Students in North Carolina State’s Master of Economics program can pursue the degree with an “applied focus” and enter a terminal master’s track. Alternatively, they can complete a degree more suited for theoretical economics, to prepare them for Ph.D. work in the discipline. The terminal master’s track can be completed in as little as one year, although a majority of students complete it in 18 to 24 months. All master’s students complete six elective courses from four concentrations: International Development and Trade, Financial/Macroeconomics, Economic Policy, and Natural Resource and Environmental Economics. This master’s degree focuses on practical economic concepts and applications, making it a perfect degree for students who want to head straight into the workforce after graduation.

The Ph.D.-prep master’s track is designed for students who know that they will continue on to doctoral studies. It can also be completed in as little as one year and boasts the same concentrations as the terminal degree track, although it requires the completion of a thesis after completing all other coursework. The thesis requirement can count for up to six credit hours toward a student’s electives and is met once they pass the final oral exam and thesis defense. This track results in a Master of Science in Economics degree, rather than a Master of Economics (MR) degree.
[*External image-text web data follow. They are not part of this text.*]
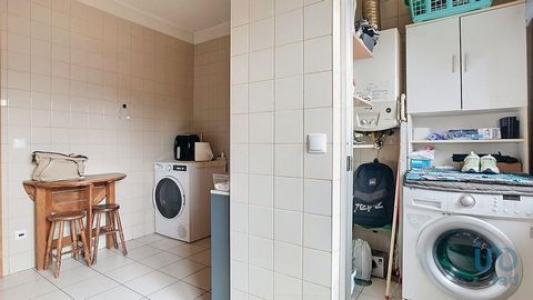 Acheter Appartement Santa-maria-da-feira rgion AVEIRO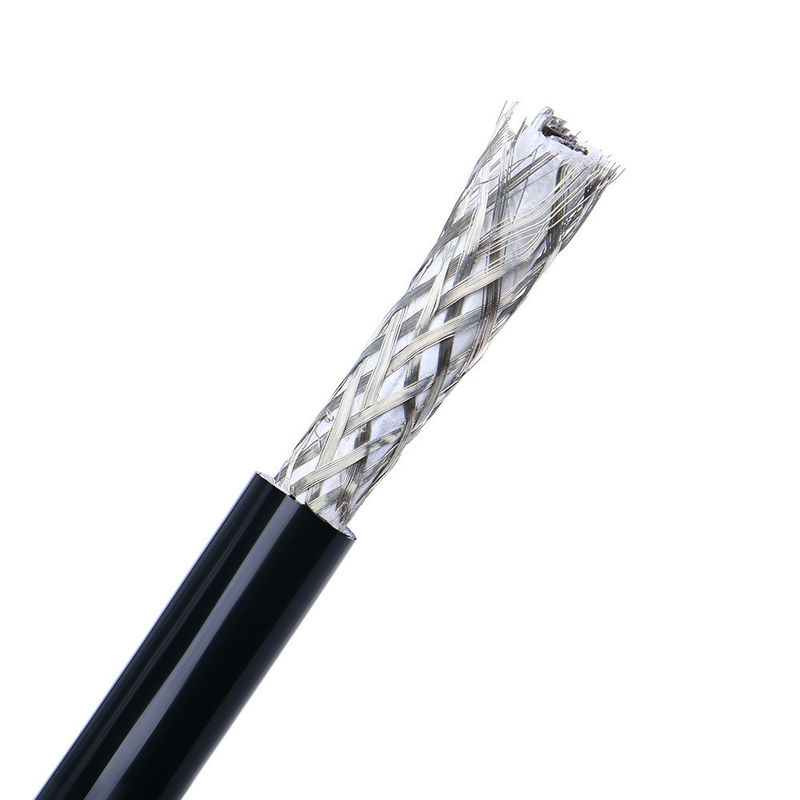 Tin Annealed đồng dây cho xe ô tô Hsd Cáp chính sách dẫn đồng tấm chắn cáp Cáp chống cháy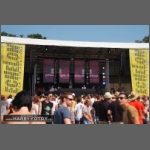 DSCF7930.jpg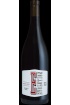 Sokol Blosser Winery Evolution Pinot Noir (Natural Wine)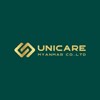 Unicare Myanmar Co.,Ltd.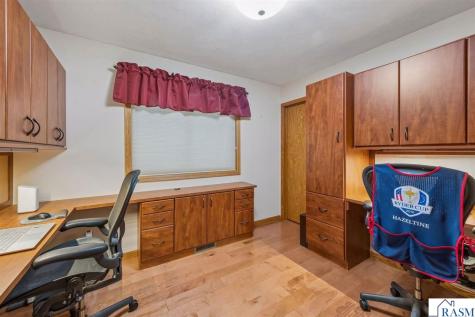705 Leon Street Jordan MN 55352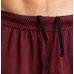 Treeningpüksid PicSil Premium 242 Burgundy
In addition to the above, NC State offers a unique opportunity to current or future undergraduate students of the university. Its Accelerated Bachelor’s/Master’s (ABM) program in economics is open to exceptional undergraduates. Those who qualify for the program can complete certain master’s requirements while finishing their bachelor’s classes. This makes it possible to earn a master’s degree within 12 months of a bachelor’s and is an excellent way to trim both the time and costs required to earn an advanced degree. However, applying for the program must be done very early relative to graduation. Students who find this option appealing should investigate it as early in their studies as possible.
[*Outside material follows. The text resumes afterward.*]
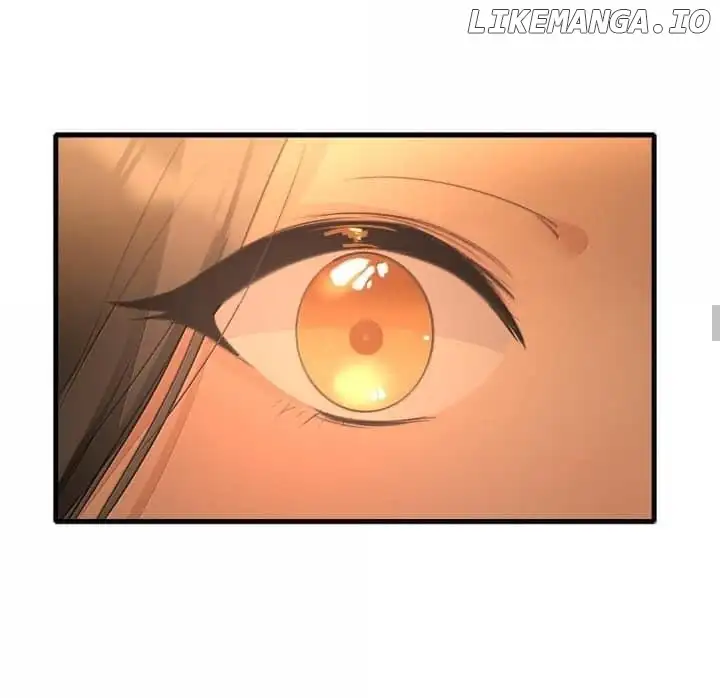 Long-awaited Feelings chapter 109 page 10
It’s clear that NC State is dedicated to its students and offers them as much flexibility as possible. This an excellent school for all types of economically inclined students who will interact with peers on both professional and research trajectories as they move toward graduation. In addition, NC State is home to a low (14:1) student-to-faculty ratio and has been ranked the No. 1 Best Public College in North Carolina, according to Money. Students also enjoy access to NC State’s innovative Hunt Library. This amazing structure offers students assistance with everything from research needs to laptop rentals and 3-D printing.



Georgia Tech offers an MS in Economics with a curriculum that combines research goals and hands-on learning. The curriculum is built from a multidisciplinary pool of classes that allows students to select a majority of their electives from certain concentrations, thus tailoring their degrees to their goals. The program can be completed in one calendar year, if a student takes classes during the summer semester. Alternatively, the degree can be completed at a slower pace with a flexible, part-time track that’s ideal for working adults or those with busy family lives. 

This 30-credit hour program and has a built-in schedule to accommodate the one-year completion target that most students will follow. It begins with four core courses, in macroeconomics, microeconomics, statistical methods and probability, and econometric analysis/modeling. After these requirements are met, students can pursue a coursework-only option toward graduation or an internship option. Those who secure an internship that is approved by their advisors may apply for it to count for three elective credit hours above the 6000 level. Other electives may be taken from Georgia Tech’s other colleges, although these courses must be approved by an advisor before they can count toward the degree. Still, this degree of flexibility and independence isn’t reflected in most graduate economics programs. 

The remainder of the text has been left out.